→ **Exercise directions**
Find the line with "2023 Porsche Macan Macan" in the entries below. Repeat it, every following line, and the line with "Gallery image thumbnail", exactly and with nothing added.

→ **Input for this task**
►

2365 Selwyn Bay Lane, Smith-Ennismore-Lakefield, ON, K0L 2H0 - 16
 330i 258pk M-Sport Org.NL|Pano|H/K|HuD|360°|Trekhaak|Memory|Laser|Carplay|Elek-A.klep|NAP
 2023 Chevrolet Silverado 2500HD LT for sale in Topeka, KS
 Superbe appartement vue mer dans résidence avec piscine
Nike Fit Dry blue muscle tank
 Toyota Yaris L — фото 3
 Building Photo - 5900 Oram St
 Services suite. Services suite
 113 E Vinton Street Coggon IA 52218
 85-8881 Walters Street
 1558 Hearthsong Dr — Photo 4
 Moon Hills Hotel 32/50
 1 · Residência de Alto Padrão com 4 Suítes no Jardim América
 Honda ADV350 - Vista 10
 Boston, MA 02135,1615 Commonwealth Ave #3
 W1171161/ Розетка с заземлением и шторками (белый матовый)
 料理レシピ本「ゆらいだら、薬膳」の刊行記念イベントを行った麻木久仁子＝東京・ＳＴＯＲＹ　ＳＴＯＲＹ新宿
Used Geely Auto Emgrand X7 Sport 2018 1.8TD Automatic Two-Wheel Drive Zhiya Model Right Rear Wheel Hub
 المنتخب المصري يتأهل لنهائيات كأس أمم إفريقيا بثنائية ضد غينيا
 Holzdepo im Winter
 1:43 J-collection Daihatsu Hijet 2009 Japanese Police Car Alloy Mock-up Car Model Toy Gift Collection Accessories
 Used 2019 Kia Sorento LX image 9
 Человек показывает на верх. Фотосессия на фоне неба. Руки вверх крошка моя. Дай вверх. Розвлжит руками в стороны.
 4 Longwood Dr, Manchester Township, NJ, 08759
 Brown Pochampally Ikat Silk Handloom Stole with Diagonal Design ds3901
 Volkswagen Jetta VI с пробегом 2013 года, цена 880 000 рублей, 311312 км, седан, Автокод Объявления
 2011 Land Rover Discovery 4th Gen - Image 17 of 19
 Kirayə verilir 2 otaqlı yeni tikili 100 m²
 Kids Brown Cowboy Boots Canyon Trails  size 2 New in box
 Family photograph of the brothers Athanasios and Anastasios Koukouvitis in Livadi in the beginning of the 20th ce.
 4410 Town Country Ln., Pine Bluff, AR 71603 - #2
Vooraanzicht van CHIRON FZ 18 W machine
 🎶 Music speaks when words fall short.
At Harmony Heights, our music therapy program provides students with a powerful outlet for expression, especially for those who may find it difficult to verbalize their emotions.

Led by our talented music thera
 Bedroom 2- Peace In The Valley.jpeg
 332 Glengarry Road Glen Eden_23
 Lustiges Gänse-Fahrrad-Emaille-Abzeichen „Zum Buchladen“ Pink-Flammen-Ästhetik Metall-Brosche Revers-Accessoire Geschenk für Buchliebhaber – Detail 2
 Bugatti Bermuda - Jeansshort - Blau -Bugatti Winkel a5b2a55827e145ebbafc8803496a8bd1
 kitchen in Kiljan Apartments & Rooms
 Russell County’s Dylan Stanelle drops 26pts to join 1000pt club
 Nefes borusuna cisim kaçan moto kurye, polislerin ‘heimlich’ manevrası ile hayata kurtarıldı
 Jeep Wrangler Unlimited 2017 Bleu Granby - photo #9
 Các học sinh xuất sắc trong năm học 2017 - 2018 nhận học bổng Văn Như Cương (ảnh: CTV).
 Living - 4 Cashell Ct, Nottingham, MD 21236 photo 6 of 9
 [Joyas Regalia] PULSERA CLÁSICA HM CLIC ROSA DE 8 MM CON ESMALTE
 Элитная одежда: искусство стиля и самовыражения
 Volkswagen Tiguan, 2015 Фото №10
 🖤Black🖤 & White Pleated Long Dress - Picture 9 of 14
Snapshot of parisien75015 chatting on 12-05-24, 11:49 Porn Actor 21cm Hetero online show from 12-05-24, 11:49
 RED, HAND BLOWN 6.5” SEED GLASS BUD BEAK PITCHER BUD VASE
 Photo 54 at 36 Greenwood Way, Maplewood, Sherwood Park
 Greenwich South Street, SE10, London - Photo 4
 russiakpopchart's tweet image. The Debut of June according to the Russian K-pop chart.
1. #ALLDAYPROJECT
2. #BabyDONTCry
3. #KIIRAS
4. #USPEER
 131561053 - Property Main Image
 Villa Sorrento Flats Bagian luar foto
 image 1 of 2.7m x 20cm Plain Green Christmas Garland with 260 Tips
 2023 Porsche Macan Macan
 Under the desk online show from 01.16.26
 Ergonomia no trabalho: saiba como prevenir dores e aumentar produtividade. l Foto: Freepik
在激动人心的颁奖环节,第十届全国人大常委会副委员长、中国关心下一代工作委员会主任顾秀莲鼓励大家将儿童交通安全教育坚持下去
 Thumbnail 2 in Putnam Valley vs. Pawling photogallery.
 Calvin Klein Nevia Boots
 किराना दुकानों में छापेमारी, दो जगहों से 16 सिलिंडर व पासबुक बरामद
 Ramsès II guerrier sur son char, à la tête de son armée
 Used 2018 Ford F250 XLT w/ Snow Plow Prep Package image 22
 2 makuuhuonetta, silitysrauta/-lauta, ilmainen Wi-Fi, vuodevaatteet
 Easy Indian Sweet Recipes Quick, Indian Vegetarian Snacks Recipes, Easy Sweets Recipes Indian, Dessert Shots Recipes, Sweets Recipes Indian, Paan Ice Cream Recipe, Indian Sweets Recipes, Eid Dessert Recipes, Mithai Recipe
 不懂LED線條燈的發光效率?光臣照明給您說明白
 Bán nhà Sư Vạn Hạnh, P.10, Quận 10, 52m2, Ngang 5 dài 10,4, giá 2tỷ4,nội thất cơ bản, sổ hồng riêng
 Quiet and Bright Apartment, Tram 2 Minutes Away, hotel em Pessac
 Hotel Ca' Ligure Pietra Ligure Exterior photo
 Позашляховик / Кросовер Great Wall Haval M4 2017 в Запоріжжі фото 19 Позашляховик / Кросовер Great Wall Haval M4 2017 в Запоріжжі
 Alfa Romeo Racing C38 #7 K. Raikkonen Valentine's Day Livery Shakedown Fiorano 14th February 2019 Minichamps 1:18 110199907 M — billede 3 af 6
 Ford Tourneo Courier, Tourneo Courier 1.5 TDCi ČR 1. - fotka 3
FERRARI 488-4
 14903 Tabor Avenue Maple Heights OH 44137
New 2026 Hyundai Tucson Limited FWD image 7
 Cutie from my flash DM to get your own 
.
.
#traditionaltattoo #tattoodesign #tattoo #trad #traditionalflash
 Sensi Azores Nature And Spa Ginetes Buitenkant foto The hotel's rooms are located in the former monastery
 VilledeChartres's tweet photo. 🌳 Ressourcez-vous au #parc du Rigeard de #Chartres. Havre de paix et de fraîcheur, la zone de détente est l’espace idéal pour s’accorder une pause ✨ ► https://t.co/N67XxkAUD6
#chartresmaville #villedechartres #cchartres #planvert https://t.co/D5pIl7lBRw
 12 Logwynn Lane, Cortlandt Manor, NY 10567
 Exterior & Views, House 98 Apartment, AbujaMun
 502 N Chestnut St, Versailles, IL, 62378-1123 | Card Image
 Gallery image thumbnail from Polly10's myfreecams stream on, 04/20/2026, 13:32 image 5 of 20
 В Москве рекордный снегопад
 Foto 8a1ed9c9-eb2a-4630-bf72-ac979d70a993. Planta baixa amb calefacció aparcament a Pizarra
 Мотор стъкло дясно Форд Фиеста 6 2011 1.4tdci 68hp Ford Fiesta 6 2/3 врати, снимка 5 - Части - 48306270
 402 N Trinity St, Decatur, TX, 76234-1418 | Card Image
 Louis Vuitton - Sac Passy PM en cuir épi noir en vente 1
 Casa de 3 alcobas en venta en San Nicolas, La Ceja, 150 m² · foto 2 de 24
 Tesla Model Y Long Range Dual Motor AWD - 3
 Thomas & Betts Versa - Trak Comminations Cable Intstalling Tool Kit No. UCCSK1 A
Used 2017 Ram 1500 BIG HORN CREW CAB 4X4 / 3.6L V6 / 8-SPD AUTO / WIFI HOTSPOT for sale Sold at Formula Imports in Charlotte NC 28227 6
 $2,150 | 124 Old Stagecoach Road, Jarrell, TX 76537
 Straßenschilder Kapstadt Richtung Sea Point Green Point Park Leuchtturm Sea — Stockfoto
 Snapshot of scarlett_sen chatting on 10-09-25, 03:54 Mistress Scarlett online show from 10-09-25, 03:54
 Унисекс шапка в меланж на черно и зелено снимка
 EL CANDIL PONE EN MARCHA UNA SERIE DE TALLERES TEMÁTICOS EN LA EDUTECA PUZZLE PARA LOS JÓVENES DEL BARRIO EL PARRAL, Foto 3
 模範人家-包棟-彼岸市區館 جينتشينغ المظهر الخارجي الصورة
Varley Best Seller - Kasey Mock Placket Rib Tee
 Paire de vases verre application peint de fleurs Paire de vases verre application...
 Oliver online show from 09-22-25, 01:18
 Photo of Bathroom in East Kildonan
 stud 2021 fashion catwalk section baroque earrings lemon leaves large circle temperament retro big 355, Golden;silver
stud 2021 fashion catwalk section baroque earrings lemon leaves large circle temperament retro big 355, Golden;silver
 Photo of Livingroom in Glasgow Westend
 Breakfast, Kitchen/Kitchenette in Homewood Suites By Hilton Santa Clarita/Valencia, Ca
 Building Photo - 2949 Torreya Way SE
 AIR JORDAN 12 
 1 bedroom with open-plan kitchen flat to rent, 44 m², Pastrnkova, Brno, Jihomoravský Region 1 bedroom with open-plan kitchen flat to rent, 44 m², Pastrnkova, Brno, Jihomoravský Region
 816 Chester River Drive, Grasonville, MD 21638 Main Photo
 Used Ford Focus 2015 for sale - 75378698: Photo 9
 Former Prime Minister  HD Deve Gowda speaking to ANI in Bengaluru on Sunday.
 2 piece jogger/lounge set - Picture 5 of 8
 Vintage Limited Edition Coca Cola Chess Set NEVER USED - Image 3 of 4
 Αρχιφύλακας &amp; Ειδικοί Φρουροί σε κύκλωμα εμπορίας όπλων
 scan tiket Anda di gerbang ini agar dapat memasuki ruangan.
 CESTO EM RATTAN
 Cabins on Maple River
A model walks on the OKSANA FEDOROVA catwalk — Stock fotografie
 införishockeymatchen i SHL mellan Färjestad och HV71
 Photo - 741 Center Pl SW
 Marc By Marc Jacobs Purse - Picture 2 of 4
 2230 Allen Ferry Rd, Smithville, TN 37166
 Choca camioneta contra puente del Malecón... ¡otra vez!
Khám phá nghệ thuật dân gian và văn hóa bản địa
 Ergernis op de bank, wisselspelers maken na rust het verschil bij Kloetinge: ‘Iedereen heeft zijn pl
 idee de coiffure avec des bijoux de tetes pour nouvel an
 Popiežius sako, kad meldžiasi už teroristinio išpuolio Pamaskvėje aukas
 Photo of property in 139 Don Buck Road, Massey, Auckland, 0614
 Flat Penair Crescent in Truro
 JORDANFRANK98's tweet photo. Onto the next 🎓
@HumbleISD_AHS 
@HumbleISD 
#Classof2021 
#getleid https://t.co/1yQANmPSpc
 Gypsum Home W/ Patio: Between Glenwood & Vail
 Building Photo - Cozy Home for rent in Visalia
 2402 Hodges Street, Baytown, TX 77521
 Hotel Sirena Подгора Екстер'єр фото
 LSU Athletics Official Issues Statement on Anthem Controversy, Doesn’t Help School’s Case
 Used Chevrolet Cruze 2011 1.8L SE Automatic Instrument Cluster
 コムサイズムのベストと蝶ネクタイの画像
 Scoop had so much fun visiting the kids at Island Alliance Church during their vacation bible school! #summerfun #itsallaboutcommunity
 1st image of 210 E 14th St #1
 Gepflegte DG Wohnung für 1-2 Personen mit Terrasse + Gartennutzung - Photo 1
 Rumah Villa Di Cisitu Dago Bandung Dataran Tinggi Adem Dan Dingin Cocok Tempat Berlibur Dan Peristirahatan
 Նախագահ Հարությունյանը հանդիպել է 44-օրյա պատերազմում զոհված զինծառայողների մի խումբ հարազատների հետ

◄

→ **Solution to this task**
 2023 Porsche Macan Macan
 Under the desk online show from 01.16.26
 Ergonomia no trabalho: saiba como prevenir dores e aumentar produtividade. l Foto: Freepik
在激动人心的颁奖环节,第十届全国人大常委会副委员长、中国关心下一代工作委员会主任顾秀莲鼓励大家将儿童交通安全教育坚持下去
 Thumbnail 2 in Putnam Valley vs. Pawling photogallery.
 Calvin Klein Nevia Boots
 किराना दुकानों में छापेमारी, दो जगहों से 16 सिलिंडर व पासबुक बरामद
 Ramsès II guerrier sur son char, à la tête de son armée
 Used 2018 Ford F250 XLT w/ Snow Plow Prep Package image 22
 2 makuuhuonetta, silitysrauta/-lauta, ilmainen Wi-Fi, vuodevaatteet
 Easy Indian Sweet Recipes Quick, Indian Vegetarian Snacks Recipes, Easy Sweets Recipes Indian, Dessert Shots Recipes, Sweets Recipes Indian, Paan Ice Cream Recipe, Indian Sweets Recipes, Eid Dessert Recipes, Mithai Recipe
 不懂LED線條燈的發光效率?光臣照明給您說明白
 Bán nhà Sư Vạn Hạnh, P.10, Quận 10, 52m2, Ngang 5 dài 10,4, giá 2tỷ4,nội thất cơ bản, sổ hồng riêng
 Quiet and Bright Apartment, Tram 2 Minutes Away, hotel em Pessac
 Hotel Ca' Ligure Pietra Ligure Exterior photo
 Позашляховик / Кросовер Great Wall Haval M4 2017 в Запоріжжі фото 19 Позашляховик / Кросовер Great Wall Haval M4 2017 в Запоріжжі
 Alfa Romeo Racing C38 #7 K. Raikkonen Valentine's Day Livery Shakedown Fiorano 14th February 2019 Minichamps 1:18 110199907 M — billede 3 af 6
 Ford Tourneo Courier, Tourneo Courier 1.5 TDCi ČR 1. - fotka 3
FERRARI 488-4
 14903 Tabor Avenue Maple Heights OH 44137
New 2026 Hyundai Tucson Limited FWD image 7
 Cutie from my flash DM to get your own 
.
.
#traditionaltattoo #tattoodesign #tattoo #trad #traditionalflash
 Sensi Azores Nature And Spa Ginetes Buitenkant foto The hotel's rooms are located in the former monastery
 VilledeChartres's tweet photo. 🌳 Ressourcez-vous au #parc du Rigeard de #Chartres. Havre de paix et de fraîcheur, la zone de détente est l’espace idéal pour s’accorder une pause ✨ ► https://t.co/N67XxkAUD6
#chartresmaville #villedechartres #cchartres #planvert https://t.co/D5pIl7lBRw
 12 Logwynn Lane, Cortlandt Manor, NY 10567
 Exterior & Views, House 98 Apartment, AbujaMun
 502 N Chestnut St, Versailles, IL, 62378-1123 | Card Image
 Gallery image thumbnail from Polly10's myfreecams stream on, 04/20/2026, 13:32 image 5 of 20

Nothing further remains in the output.